==== Material provided ====
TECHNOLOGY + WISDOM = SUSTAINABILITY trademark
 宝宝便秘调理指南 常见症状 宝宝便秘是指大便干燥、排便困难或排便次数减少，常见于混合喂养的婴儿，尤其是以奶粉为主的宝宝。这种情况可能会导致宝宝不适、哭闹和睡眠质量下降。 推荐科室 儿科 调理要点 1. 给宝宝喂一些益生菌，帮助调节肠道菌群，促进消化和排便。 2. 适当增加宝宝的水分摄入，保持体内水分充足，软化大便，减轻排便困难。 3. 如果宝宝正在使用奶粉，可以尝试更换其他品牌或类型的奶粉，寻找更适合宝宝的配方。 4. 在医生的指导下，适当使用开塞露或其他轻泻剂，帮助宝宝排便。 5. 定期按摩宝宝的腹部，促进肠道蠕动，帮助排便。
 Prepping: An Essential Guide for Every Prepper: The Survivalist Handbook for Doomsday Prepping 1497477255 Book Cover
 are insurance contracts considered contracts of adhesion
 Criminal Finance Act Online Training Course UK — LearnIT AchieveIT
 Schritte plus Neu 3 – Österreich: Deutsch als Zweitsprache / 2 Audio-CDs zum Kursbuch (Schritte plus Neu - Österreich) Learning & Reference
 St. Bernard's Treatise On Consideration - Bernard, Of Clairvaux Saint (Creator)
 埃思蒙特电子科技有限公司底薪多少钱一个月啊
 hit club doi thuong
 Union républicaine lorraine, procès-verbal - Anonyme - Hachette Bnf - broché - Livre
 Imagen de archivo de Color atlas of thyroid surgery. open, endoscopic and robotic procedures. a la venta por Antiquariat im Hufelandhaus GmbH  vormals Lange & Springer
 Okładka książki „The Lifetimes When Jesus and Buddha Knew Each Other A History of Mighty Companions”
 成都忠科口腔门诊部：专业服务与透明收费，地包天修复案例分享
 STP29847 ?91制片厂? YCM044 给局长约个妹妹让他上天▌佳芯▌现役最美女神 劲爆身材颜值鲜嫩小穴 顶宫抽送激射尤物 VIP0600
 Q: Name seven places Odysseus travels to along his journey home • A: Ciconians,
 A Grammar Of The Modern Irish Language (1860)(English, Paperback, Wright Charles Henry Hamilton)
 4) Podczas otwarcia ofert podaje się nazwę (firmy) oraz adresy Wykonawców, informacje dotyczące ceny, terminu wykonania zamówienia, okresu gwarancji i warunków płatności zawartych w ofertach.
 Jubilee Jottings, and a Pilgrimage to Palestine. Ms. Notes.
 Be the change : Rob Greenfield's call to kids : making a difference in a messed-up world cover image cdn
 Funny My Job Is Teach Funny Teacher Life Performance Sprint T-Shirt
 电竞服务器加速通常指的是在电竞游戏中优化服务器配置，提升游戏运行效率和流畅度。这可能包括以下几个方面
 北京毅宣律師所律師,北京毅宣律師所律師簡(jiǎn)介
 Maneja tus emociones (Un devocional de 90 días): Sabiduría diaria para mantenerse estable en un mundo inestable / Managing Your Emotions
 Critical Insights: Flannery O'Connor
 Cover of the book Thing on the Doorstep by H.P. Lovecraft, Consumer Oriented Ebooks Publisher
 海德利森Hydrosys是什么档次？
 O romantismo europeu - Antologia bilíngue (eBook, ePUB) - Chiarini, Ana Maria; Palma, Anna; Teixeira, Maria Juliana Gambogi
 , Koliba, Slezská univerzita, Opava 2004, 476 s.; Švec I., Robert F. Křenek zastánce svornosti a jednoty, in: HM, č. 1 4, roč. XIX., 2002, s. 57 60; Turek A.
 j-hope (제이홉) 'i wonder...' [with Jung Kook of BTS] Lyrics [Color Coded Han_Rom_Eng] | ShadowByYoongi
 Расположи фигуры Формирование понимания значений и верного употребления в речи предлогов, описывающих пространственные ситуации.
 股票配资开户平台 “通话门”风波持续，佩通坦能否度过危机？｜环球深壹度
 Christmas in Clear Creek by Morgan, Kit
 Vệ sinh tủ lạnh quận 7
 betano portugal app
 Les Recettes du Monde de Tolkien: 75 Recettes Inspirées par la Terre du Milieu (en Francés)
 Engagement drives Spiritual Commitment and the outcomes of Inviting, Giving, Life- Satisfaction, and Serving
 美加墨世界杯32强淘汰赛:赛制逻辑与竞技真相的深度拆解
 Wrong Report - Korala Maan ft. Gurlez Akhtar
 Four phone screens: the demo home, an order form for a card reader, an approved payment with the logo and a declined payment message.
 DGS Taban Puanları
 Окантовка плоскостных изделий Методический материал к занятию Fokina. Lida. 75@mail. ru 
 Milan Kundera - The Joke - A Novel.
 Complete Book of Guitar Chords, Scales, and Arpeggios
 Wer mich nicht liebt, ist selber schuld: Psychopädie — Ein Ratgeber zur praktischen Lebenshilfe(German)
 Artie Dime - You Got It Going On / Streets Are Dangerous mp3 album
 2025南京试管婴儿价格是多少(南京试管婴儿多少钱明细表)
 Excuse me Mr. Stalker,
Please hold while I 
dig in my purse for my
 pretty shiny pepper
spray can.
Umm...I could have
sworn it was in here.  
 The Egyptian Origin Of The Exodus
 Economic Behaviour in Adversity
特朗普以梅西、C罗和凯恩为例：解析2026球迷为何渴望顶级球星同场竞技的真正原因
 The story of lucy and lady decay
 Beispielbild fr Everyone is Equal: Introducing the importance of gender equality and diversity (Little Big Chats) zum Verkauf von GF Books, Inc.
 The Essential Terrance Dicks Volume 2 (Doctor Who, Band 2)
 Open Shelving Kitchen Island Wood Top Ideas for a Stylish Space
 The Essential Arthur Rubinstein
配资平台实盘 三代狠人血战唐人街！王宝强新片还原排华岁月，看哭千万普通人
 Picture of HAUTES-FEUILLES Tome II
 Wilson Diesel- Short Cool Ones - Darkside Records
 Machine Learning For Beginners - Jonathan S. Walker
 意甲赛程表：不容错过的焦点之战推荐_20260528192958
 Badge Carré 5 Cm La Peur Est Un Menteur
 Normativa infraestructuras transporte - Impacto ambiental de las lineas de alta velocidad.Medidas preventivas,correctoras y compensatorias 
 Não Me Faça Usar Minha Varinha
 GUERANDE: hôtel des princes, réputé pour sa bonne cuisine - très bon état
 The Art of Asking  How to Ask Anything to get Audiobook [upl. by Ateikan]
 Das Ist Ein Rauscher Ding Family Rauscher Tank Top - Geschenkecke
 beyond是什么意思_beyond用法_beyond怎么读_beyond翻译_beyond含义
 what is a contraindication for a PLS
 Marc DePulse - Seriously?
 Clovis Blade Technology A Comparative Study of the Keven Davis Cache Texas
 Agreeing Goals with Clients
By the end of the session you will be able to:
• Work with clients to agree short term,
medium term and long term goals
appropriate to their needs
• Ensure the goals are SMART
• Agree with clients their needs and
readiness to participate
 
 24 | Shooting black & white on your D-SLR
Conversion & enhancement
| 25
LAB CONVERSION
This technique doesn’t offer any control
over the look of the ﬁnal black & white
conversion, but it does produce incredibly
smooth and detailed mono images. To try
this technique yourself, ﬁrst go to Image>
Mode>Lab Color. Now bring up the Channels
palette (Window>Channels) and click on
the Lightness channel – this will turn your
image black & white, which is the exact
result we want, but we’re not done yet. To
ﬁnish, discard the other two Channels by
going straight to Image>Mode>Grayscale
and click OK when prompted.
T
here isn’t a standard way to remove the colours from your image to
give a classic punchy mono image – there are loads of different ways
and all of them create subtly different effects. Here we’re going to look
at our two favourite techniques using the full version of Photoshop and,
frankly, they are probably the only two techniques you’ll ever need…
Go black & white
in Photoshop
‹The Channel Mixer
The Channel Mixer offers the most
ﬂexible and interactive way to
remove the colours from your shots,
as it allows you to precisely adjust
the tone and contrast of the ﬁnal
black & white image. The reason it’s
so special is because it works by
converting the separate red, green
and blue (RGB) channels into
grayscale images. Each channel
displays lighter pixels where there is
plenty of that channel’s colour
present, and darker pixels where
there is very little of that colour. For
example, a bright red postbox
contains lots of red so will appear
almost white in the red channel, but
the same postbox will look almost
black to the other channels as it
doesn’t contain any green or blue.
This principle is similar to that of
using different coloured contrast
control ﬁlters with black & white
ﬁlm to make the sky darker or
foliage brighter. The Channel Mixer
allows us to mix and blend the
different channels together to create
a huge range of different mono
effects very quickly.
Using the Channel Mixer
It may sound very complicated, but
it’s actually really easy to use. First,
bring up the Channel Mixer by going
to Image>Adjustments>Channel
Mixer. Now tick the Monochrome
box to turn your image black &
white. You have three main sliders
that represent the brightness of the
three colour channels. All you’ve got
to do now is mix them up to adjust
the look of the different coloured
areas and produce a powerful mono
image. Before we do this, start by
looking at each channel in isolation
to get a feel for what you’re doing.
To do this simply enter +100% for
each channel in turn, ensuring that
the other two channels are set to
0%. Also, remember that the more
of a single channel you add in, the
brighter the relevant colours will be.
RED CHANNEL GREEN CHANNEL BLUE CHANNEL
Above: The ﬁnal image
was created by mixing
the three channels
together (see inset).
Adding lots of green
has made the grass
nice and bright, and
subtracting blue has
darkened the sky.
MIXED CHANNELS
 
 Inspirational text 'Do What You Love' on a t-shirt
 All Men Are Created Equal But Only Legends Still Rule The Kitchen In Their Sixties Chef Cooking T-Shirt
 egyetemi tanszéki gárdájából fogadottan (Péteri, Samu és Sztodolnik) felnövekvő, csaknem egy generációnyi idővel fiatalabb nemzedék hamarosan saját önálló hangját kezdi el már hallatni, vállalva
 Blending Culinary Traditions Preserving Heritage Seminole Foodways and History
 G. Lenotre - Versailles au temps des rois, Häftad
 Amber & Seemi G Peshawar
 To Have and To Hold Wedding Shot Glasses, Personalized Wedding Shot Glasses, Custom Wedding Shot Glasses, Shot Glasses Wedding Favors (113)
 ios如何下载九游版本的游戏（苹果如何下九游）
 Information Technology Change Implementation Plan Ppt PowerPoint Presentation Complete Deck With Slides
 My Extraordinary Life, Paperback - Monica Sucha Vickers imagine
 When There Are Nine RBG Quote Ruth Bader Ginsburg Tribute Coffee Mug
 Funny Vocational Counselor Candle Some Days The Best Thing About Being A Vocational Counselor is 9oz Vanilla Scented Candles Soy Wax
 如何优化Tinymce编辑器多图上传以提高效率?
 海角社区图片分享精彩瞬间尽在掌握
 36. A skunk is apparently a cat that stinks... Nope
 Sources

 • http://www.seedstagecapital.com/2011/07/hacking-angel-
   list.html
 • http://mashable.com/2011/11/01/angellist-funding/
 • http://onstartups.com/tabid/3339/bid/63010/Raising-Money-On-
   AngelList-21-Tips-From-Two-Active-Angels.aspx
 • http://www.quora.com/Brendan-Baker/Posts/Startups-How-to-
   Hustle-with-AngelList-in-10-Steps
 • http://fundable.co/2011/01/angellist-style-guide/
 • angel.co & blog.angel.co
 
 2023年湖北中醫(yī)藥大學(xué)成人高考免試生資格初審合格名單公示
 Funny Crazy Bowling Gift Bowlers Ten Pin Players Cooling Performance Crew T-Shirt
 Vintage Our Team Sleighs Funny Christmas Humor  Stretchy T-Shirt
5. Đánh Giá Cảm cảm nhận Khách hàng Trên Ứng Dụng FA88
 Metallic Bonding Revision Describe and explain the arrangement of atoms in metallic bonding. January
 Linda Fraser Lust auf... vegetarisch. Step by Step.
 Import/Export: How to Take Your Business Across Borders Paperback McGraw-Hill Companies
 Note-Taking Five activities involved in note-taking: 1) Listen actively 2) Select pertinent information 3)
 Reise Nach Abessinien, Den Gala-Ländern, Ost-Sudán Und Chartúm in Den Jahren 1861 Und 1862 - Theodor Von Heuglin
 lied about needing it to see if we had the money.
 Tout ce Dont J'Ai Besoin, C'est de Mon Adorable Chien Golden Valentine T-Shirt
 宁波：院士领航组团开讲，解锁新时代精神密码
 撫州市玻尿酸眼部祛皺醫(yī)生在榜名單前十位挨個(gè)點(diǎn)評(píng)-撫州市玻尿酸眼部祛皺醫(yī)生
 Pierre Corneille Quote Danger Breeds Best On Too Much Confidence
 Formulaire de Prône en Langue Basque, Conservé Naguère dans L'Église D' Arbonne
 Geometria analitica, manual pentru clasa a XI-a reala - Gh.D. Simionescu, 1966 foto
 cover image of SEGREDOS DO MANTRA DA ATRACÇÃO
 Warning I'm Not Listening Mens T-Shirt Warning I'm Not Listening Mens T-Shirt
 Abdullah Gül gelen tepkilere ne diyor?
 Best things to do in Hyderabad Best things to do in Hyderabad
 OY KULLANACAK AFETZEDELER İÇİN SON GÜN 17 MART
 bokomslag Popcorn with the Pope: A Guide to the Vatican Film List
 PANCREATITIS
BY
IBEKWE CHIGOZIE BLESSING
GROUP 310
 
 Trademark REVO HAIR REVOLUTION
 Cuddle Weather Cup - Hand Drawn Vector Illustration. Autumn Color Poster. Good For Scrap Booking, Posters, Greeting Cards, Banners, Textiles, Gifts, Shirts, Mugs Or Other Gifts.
====
Task instructions> Please copy, exactly as written, every line in the listing above from the line with "Complete Book of" up to and including the line with "Beispielbild fr Everyone".

Response>
 Complete Book of Guitar Chords, Scales, and Arpeggios
 Wer mich nicht liebt, ist selber schuld: Psychopädie — Ein Ratgeber zur praktischen Lebenshilfe(German)
 Artie Dime - You Got It Going On / Streets Are Dangerous mp3 album
 2025南京试管婴儿价格是多少(南京试管婴儿多少钱明细表)
 Excuse me Mr. Stalker,
Please hold while I 
dig in my purse for my
 pretty shiny pepper
spray can.
Umm...I could have
sworn it was in here.  
 The Egyptian Origin Of The Exodus
 Economic Behaviour in Adversity
特朗普以梅西、C罗和凯恩为例：解析2026球迷为何渴望顶级球星同场竞技的真正原因
 The story of lucy and lady decay
 Beispielbild fr Everyone is Equal: Introducing the importance of gender equality and diversity (Little Big Chats) zum Verkauf von GF Books, Inc.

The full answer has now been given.